PULPIT. "Give unto us … a possession among the brethren of our father. The daughters of Zelophehad did not ask for any share of what had been their father's, but they asked that the lands which would have been assigned to their father in the settlement of Canaan might still be assigned to them, so that their father's name might attach to those lands, and be handed down with them. The request assumes that the "brethren" of Zelophehad would receive an inheritance in the promised land, either personally or as represented by their sons; hence it seems clear that Zelophehad was not of the elder generation, which had forfeited all their rights and expectations in Canaan, but of the younger, to whom the inheritance was transferred (Numbers 14:29-32). This is confirmed by the consideration that these women were not married until some time after this (Numbers 36:11; cf. Joshua 17:8, Joshua 17:4), and must, therefore, according to the almost invariable custom, have been quite young at this time. It is reasonable to suppose that the heads of separate families to whom the land was distributed would be at this time men of from forty-five to sixty years of age, comprising the elder half of the generation which grew up in the wilderness. Zelophehad would have been among these, but that he was cut off, perhaps in the plague of serpents, or in the plague of the Arboth Mesh, and left only unmarried girls to represent him.
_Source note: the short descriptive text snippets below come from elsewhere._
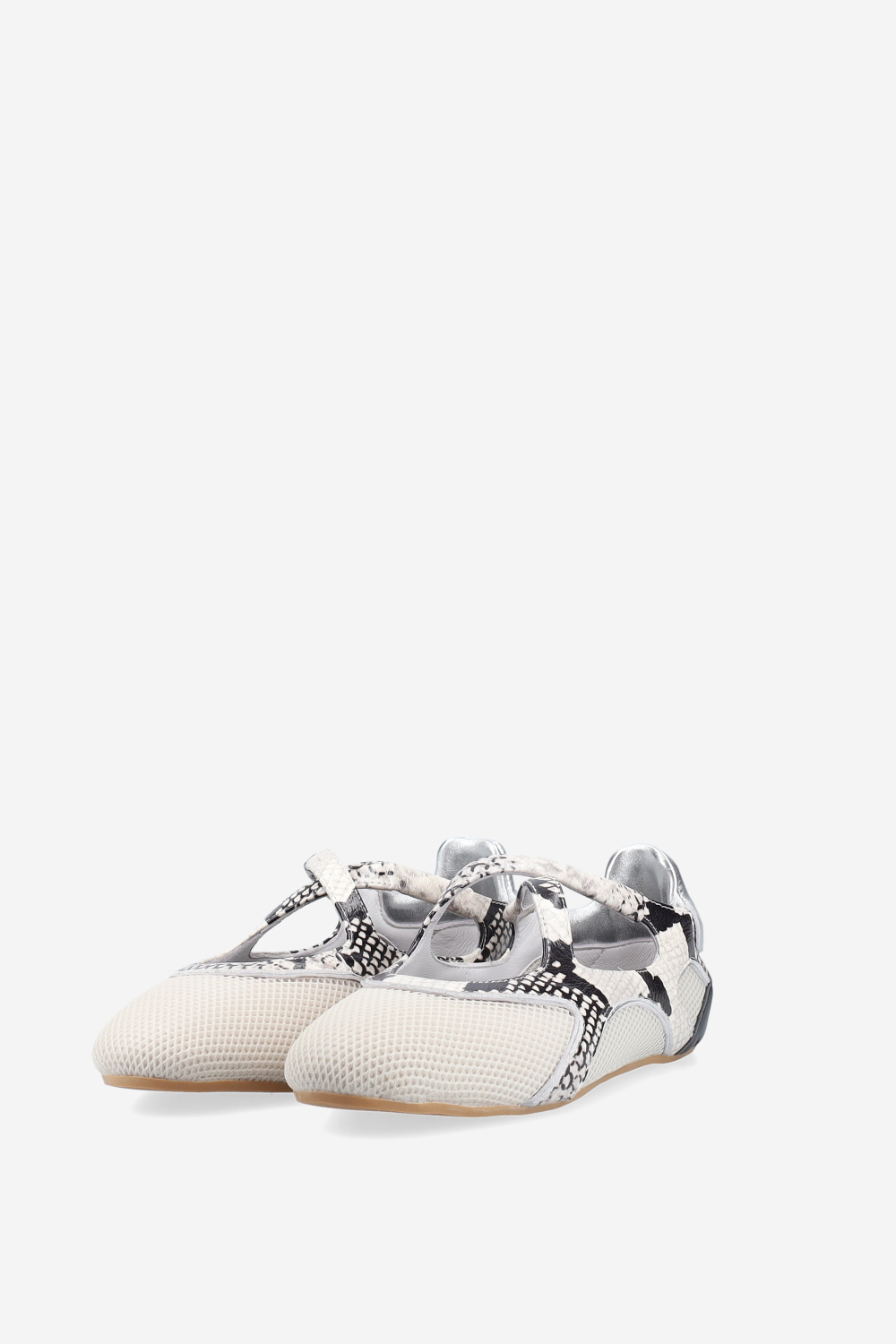 Cross-over pitone leather/mesh ballerinas
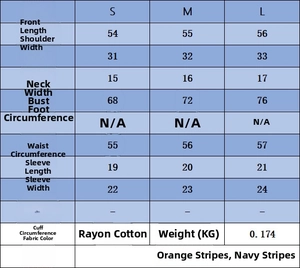 Tableau des tailles détaillé pour hauts en maille rayés à manches courtes en CM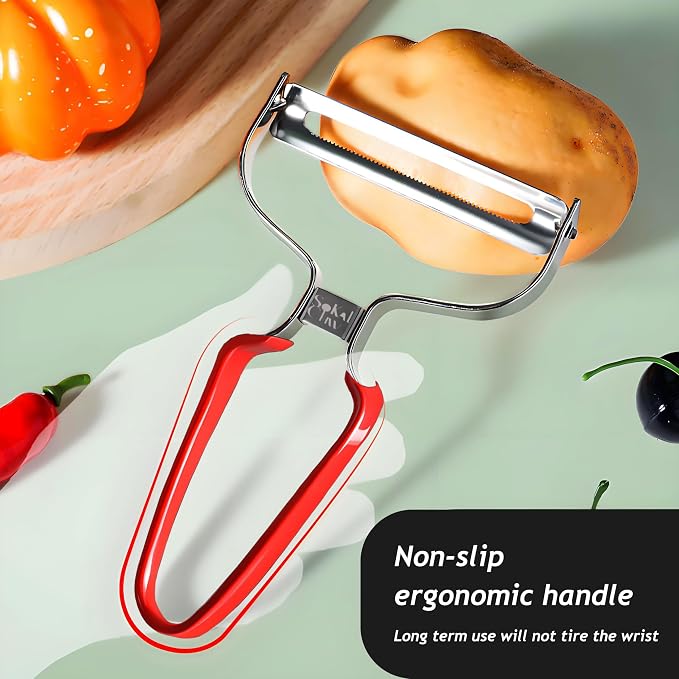Larger Wide Mouth Kitchen Vegetable Peelers Cabbage Peeler (Serrated Y- Peeler) (Red)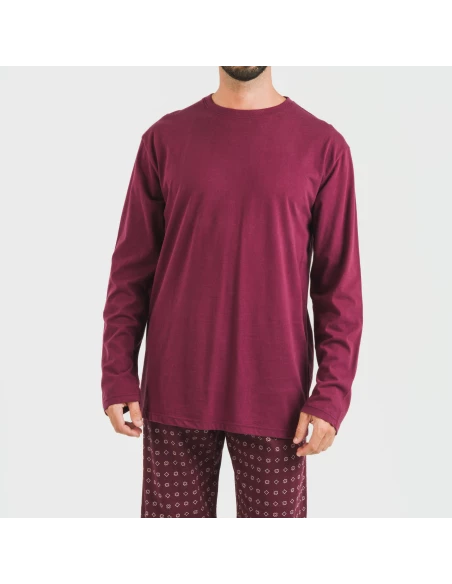 Pijama largo algodón hombre Loui burdeos pijamas-largos-hombre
5 So Moses brought their case before the Lord,

GILL, "And Moses brought their cause before the Lord. For it seems it was too difficult for this court to decide; and it devolving upon Moses, as the president of it, and who only could have recourse to God at all times, he carried it to him and consulted with him about it: this, as the Targums of Jonathan and Jerusalem say, was one of the four causes that came before Moses the prophet, that he solved according to the mind of the Lord, which he consulted; one was concerning the blasphemer, Lev_24:11, the other concerning those defiled by the dead, Num_9:8, the third concerning the sabbath breaker, Num_15:34 and the fourth was this; See Gill on Lev_24:12.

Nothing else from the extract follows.